Rejection \(H_0\) if for the observed value t of T:

\(t \lt t_{\alpha/2, n_1 + n_2 - 2}\) or \(t \gt t_{1-\alpha/2, n_1 + n_2-2}\)
\(t \gt t_{1-\alpha, n_1 + n_2-2}\)
\(t \lt t_{\alpha,n_1 + n_2 -2}\)

P-value:

\(\rho = 2P(T \le (-|t|))\)
\(\rho = 1 - P(T \le t)\)
\(\rho = P(T \le t)\)

Annotation:

The test statistic \(T\) is t-distribution with \(n_1 + n_2 -2\) degree of freedom.
\(t_{\alpha, n_1 + n_2-2}\) quantitle of t-distribution with \(n_1 + n_2 -2\) degree of freedom.
The assumtion of underlying Gaussian distribution can be relaxed if the sample sizes of both samples are large. Usually sample sizes \(n_1, n_2 \ge 25\) or \(30\) for both distributions are considered to be large enough.

Example

To test the hypothesis that the mean systolic boold pressures of healthy subjects (status=0) and subjects with hypertention (status=1) are equal, hence \(d_0 = 0\). The dataset contains \(n_1 = 25\) subjects with status 0 and \(n_2 = 30\) with status 1.

#Blood_pressure dataset
no <- seq(1:55)
status <- c(rep(0, 25), rep(1, 30))
mmhg <- c(120,115,94,118,111,102,102,131,104,107,115,139,115,113,114,105,
          115,134,109,109,93,118,109,106,125,150,142,119,127,141,149,144,
          142,149,161,143,140,148,149,141,146,159,152,135,134,161,130,125,
          141,148,153,145,137,147,169)
blood_pressure <-data.frame(no,status,mmhg)

status0<-blood_pressure$mmhg[blood_pressure$status==0]
status1<-blood_pressure$mmhg[blood_pressure$status==1]

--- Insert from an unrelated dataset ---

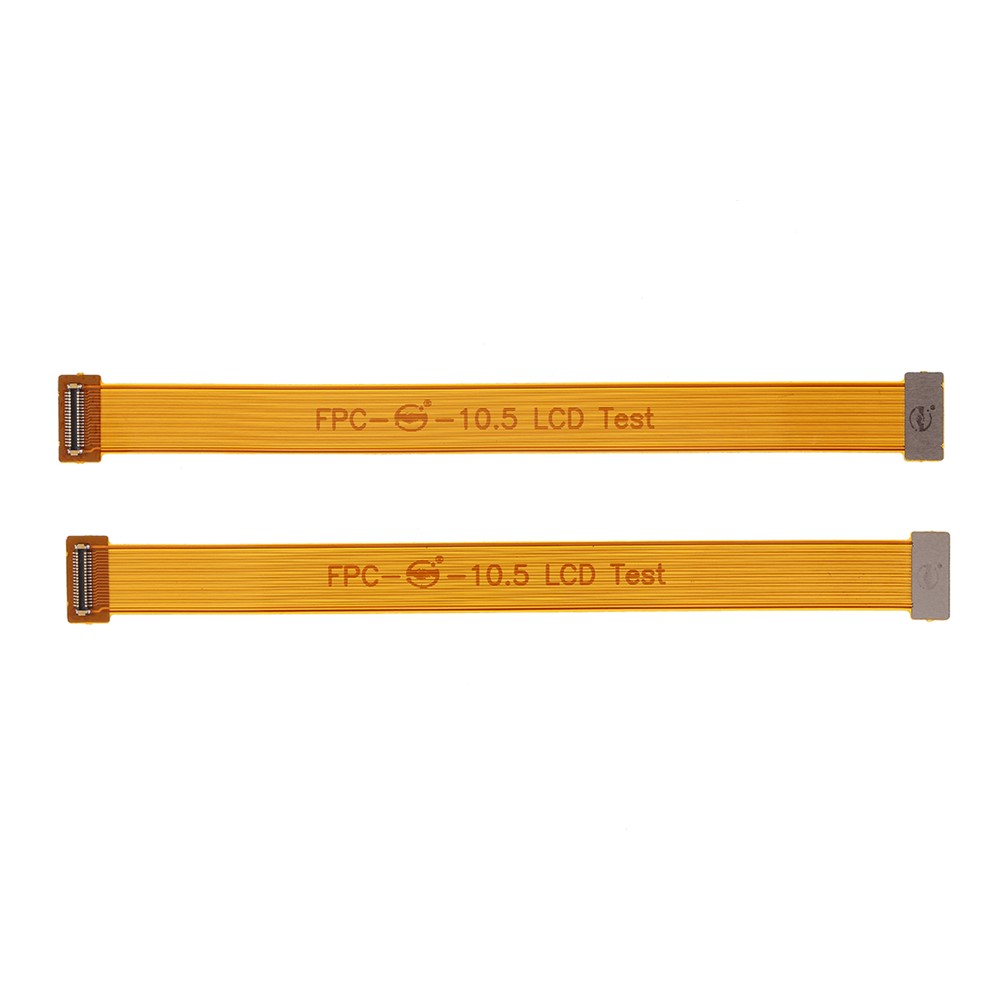 2PCS/Set OEM LCD Assembly Tester Testing Flex Cable for Apple iPad Pro 10.5-inch (2017)-2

t.test(status0,status1,mu=0,alternative="two.sided",var.equal=TRUE)

## 
##  Two Sample t-test
## 
## data:  status0 and status1
## t = -10.468, df = 53, p-value = 1.66e-14
## alternative hypothesis: true difference in means is not equal to 0
## 95 percent confidence interval:
##  -37.31328 -25.31339
## sample estimates:
## mean of x mean of y 
##  112.9200  144.2333

t.test(status0,status1,mu=0,alternative="less",var.equal=TRUE)

## 
##  Two Sample t-test
## 
## data:  status0 and status1
## t = -10.468, df = 53, p-value = 8.298e-15
## alternative hypothesis: true difference in means is less than 0
## 95 percent confidence interval:
##       -Inf -26.30542
## sample estimates:
## mean of x mean of y 
##  112.9200  144.2333

t.test(status0,status1,mu=0,alternative="great",var.equal=TRUE)

## 
##  Two Sample t-test
## 
## data:  status0 and status1
## t = -10.468, df = 53, p-value = 1
## alternative hypothesis: true difference in means is greater than 0
## 95 percent confidence interval:
##  -36.32125       Inf
## sample estimates:
## mean of x mean of y 
##  112.9200  144.2333

Remarks:

\(mu=value\) is optional and defines the value \(mu_0\) to test against. Default is 0.
\(alternative="value"\) is optional and defines the type of alternative hypothesis: “two.sided”= two sided (A); “greater”=true mean difference is greater (B); “less”=true mean difference is lower (C). Default is “two.sided”.